I just want the OPERATION in math, not a string.
To have an operation, you must have code. One way of doing this is to have a method like
public static double ex(double factor) {
return factor * 0.98;
}
or if the factor is a field
private double factor = 600;
public double ex() {
return factor * 98 / 100;
}
public static void main(String... ignored) {
Main m = new Main();
System.out.println("factor: "+m.factor+" ex: "+ m.ex());
m.factor = 700;
System.out.println("factor: "+m.factor+" ex: "+ m.ex());
}
prints
factor: 600.0 ex: 588.0
factor: 700.0 ex: 686.0
As you can see ex() is re-evaluated each time it is used.
Why do I * 98 / 100? I do this as each value can be represented exactly however 0.98 is not represent exactly and can have a small error.
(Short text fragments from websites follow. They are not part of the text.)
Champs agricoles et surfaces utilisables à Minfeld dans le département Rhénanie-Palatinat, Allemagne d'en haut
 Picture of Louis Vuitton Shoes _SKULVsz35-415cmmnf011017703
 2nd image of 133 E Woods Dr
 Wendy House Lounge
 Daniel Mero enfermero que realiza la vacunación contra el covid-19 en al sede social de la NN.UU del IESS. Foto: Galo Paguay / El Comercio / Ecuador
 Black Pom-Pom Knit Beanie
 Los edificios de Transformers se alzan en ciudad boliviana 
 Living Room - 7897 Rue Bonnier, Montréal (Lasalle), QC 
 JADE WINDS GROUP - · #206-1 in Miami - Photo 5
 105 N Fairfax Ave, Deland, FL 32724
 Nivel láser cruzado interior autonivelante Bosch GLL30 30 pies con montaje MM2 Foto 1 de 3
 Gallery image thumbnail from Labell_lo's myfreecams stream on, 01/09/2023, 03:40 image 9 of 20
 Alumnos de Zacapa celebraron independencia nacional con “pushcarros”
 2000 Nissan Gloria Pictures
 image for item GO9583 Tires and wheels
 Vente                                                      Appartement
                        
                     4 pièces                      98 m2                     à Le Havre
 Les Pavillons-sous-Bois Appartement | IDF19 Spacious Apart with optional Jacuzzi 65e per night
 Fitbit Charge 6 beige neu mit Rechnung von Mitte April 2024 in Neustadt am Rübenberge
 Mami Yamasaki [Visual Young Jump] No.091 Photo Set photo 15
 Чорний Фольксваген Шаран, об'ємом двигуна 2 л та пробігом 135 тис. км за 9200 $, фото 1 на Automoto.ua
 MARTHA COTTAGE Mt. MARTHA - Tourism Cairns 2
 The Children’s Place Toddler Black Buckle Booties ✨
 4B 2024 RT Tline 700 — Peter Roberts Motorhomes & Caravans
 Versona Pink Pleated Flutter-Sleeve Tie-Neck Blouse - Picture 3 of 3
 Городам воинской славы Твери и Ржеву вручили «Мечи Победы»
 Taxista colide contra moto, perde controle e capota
System.out.println(new BigDecimal(0.98));
prints the closest representable value to 0.98
0.979999999999999982236431605997495353221893310546875
If you want to store text you need to do something like
String ex = "600 * 0.98";
An int value is for storing a whole number which is a 32-bit signed value, nothing else.
Uhhh.
The short answer is that you can't do that. A variable of type int can only store an integer value. The expression you assign to the int has to evaluate to an integer.
What integer value do you want assigned to ex?
int ex = 588; // 600 * 0.98
What meaning are you associating with the asterisk between two numeric values that is not multiplication?